Dr. Siming Zhao, Assistant Professor of Biomedical Data Science at Dartmouth, is advancing precision medicine through innovative computational approaches that improve genetic risk prediction across populations with different genetic ancestries. Precision medicine has the potential to transform healthcare by tailoring disease prevention and treatment to an individual’s genetic profile. However, many existing polygenic risk prediction models have been developed using datasets that do not fully capture the breadth of human genetic variation, limiting their performance across different ancestral backgrounds.
Through the SYNERGY CORES Pilot Program program, Dr. Zhao collaborated with investigators at Penn State CTSI on the project, “Leveraging causal genetic mechanisms to achieve generalizable polygenic prediction of health and disease in underrepresented populations.” The project focuses on developing computational methods that improve the generalizability of polygenic risk prediction across populations with different genetic ancestries. By improving how polygenic risk models perform across a broader range of genetic backgrounds, the research aims to support precision medicine approaches that are more widely applicable and strengthen future genomic research.

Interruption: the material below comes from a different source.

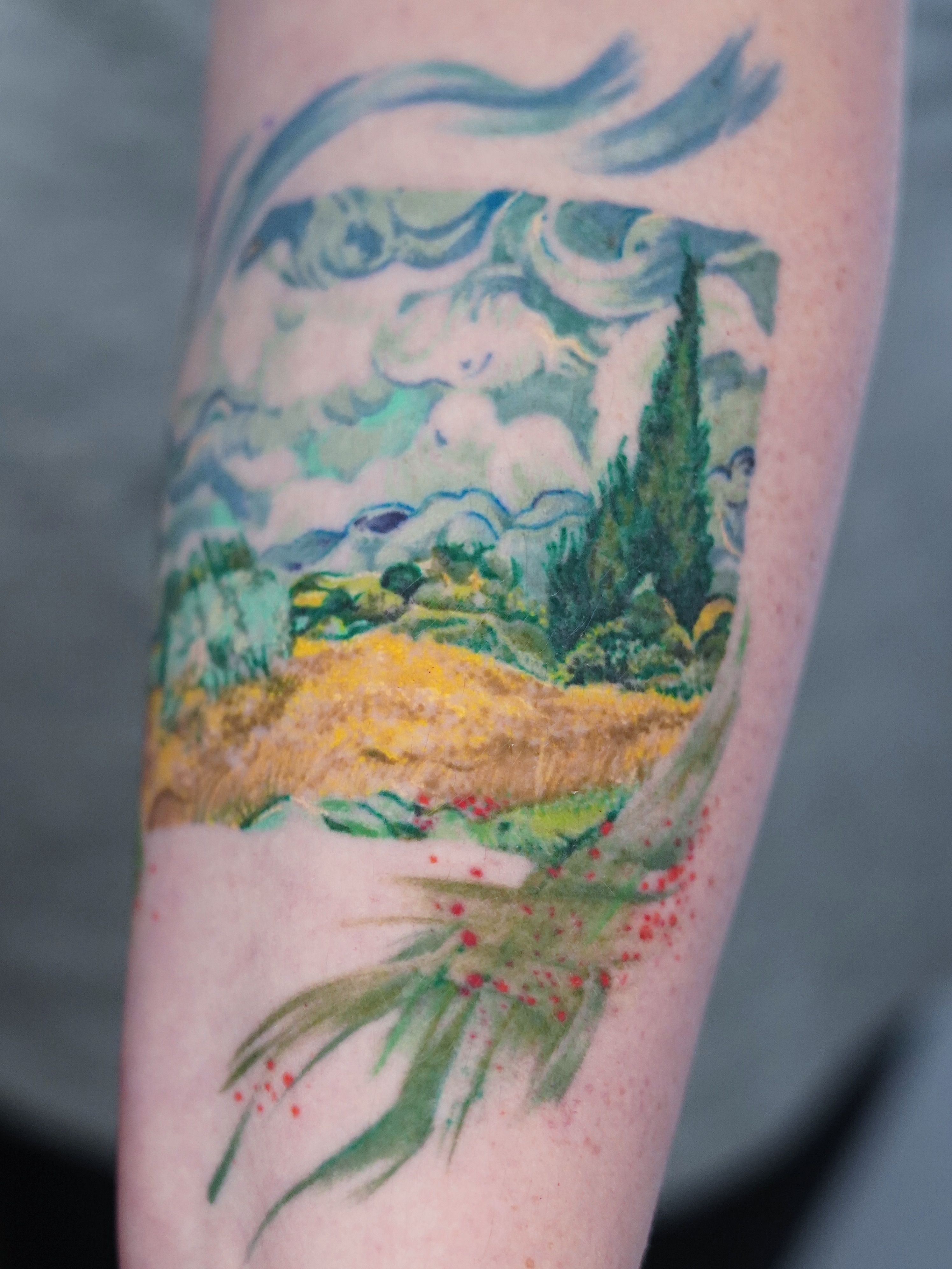 Landscape watercolor tattoo on the forearm by Tate Wortham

The team’s work was presented at the 2025 Association for Clinical and Translational Science (ACTS) Annual Meeting, where Dr. Zhao shared the collaboration’s ongoing research with investigators from across the national clinical and translational science community, fostering scientific dialogue and new collaborative opportunities.

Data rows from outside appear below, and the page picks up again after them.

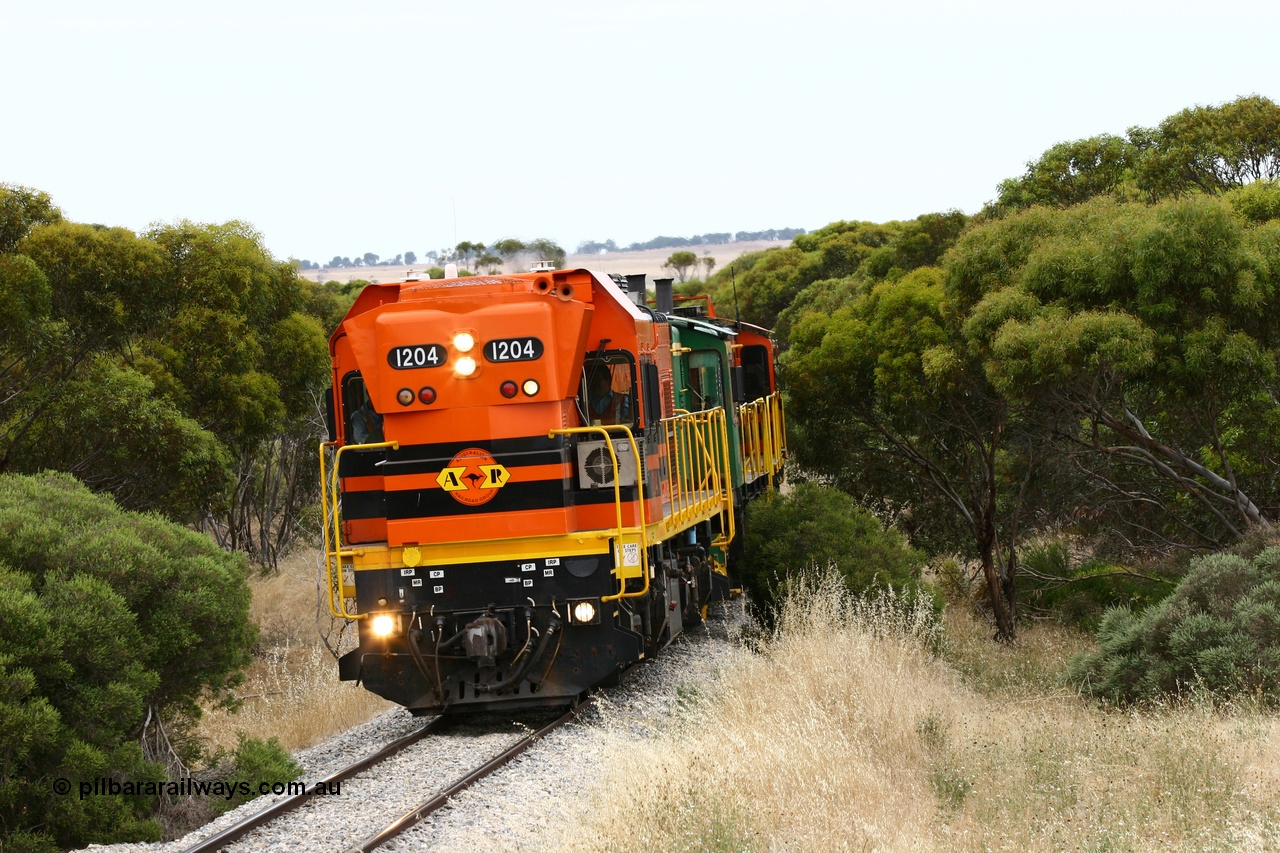 060110 2211
On the curve near the 85 km between Yeelanna and Karkoo, ARG 1200 class unit 1204, a Clyde Engineering EMD model G12C serial 65-428, originally built for the WAGR as the final unit of fourteen A class locomotives in 1965 and sent to the Eyre Peninsula in July 2004 leads an empty grain train. [url=https://goo.gl/maps/7kwfXBE6nS12]Approx. location of image[/url].
Keywords: 1200-class;1204;Clyde-Engineering-Granville-NSW;EMD;G12C;65-428;A-class;A1514;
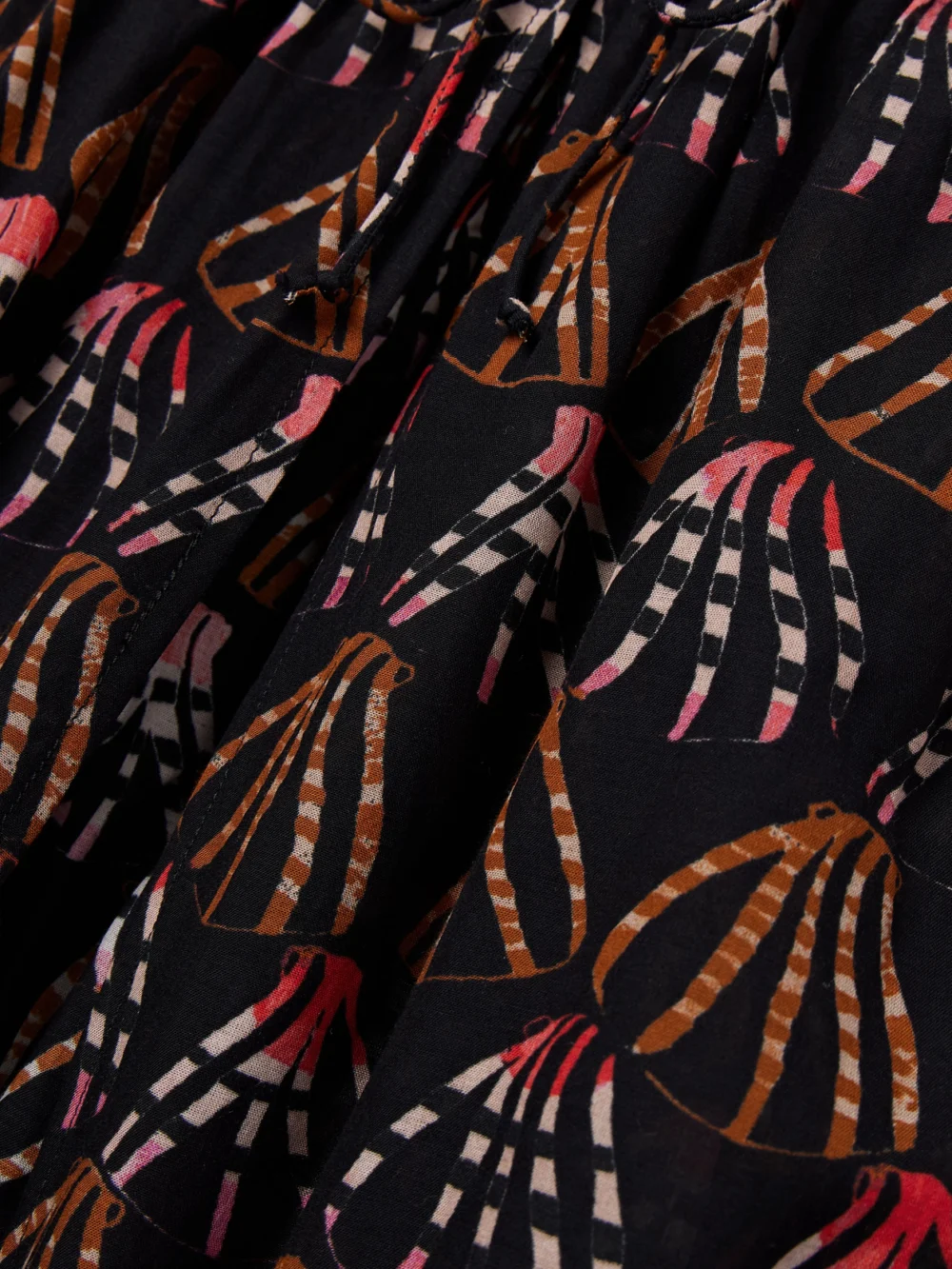 Close-up detail of the Ulla Johnson Asli Ruffled Printed Cotton-blend Voile Midi Dress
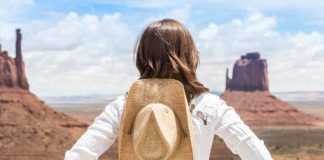 things to see and do in monument valley young woman wearing straw hat in Monument Valley.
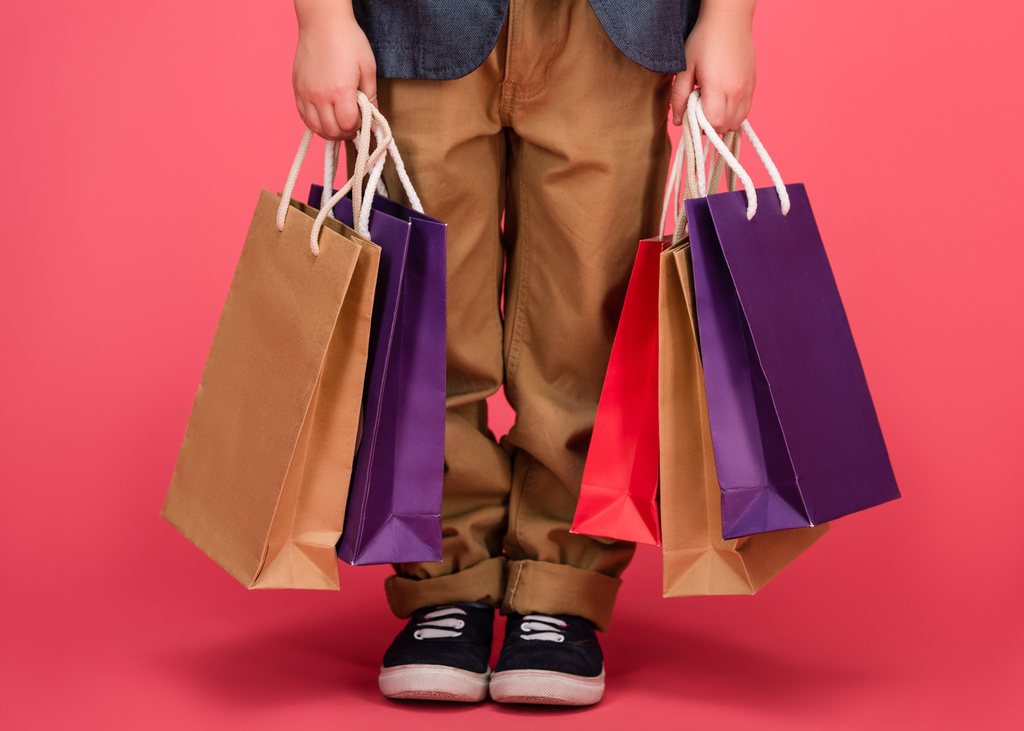 vista parcial de los niños y bolsas de compras aisladas en rosa
 - Foto, imagen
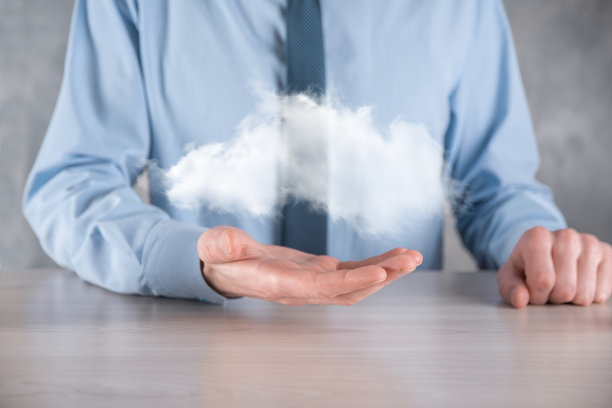 商人手捧云。云计算的概念，年轻的商人与云在他的手。云服务的概念。图片下载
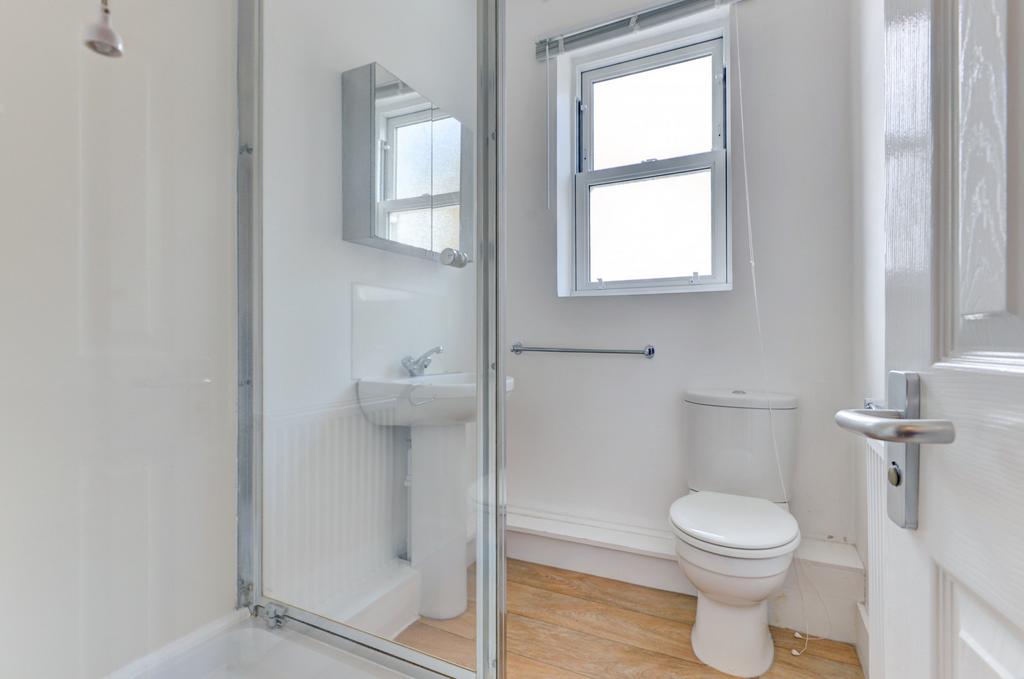 Bright, modern bathroom with a walk-in shower, ...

This project reflects the mission of the SYNERGY CORES Pilot Program by supporting interdisciplinary partnerships and innovative translational research that addresses complex biomedical challenges. As the research progresses, the collaboration is expected to advance methods for improving genomic prediction across populations with different genetic ancestries and generate knowledge that can inform future translational and clinical research.